Lets not get sidetracked - the % of soletraders Vs firms is not what this post is about (see Ohtouchy Vs Clubman and Rainyday thread on LOS). Lets stay "on topic" as the squirming phase goes, or before you know it we'll be going 'round the houses' to 'think outside the box' if we are ever going to 'step up to the plate' .....


----------



## ubiquitous (13 Jul 2005)

Well you did say...



> many other professions are predominantly self-employed so you make your own way - its only where professions are structured as firms that the whole "pull" thing might get going.



This appear to indicate that "pull" in the context of recruitment policies is a problem in professional firms, but not so in sole practice firms. As most solicitors appear to operate as sole practices, this seems to contradict your point earlier that "pull" is a serious problem in the legal profession. 

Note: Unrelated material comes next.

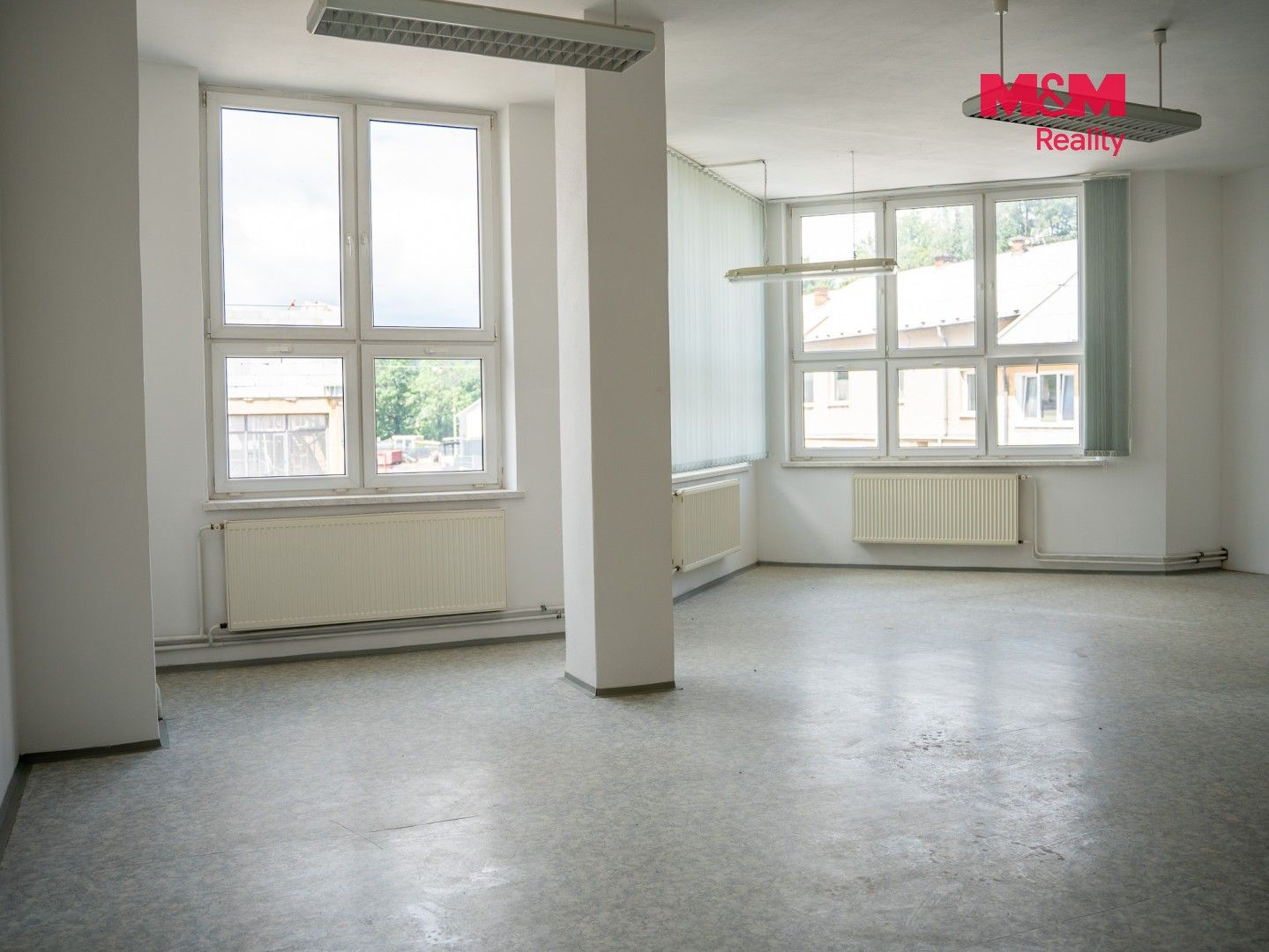 Pronájem komerčního prostoru 348 m² - foto 19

(Honestly I can't see the difference, except to the extent that larger firms would be more likely to have structured recruitment policies, making it less probable for them to use "pull" when recruiting).


----------



## Betsy Og (13 Jul 2005)

ubiquitous said:
			
		

> This appear to indicate that "pull" in the context of recruitment policies is a problem in professional firms, but not so in sole practice firms. ).


 
Much as I hate to get sidetracked into pedantics - a sole practitioner works for himself, therefore goes into business on own, no need to doff the cap to any employer. A firm is a collection of professionals who might employ trainees and therefore the right connections might help getting employment. A sole practice firm must be some form of cross breed.

Anyway, the substantive point is that an architect, for example, to my knowledge could come out of college and start his own practice, therefore free from the potential snag of needing an apprenticeship. An accountant (if they want official qualification) or solicitor does not have this option. 

Hence my point re pull being more important in some sectors than others.

(and, for fear architects need to do an apprenticeship, somebody please post a profession which doesnt require one in case we get diverted into that cul-de-sac)


----------



## ubiquitous (13 Jul 2005)

I still don't get your point. Most accountancy sole practices employ trainees. The same goes for legal sole practices.

Btw, there is no difference between a sole practitioner and a sole practice firm.

No architect (or anyone else) could realistically open a practice straight from college without having some years relevant work experience.


----------



## Betsy Og (13 Jul 2005)

ubiquitous said:
			
		

> Btw, there is no difference between a sole practitioner and a sole practice firm.
> .


 
This post will be deleted if not edited immediately wept.....

maybe try rereading the posts below - or better still just forget that minute sidetracking issue and comment on the substantive points.

re the above, I never heard of a one person firm, thats a bit like a 1 man team (and I'm not talking about Matty Forde or Kieran McDonald!)


----------



## ubiquitous (13 Jul 2005)

It is customary for anyone who sets themselves up as an accountant, solicitor, auctioneer, mortgage broker, architect, engineer etc to denote themselves as a firm regardless of whether they have employees. As such some of your comments such as 


> in the context of "pull", it's mainly employment prospects in firms that the issue would come up.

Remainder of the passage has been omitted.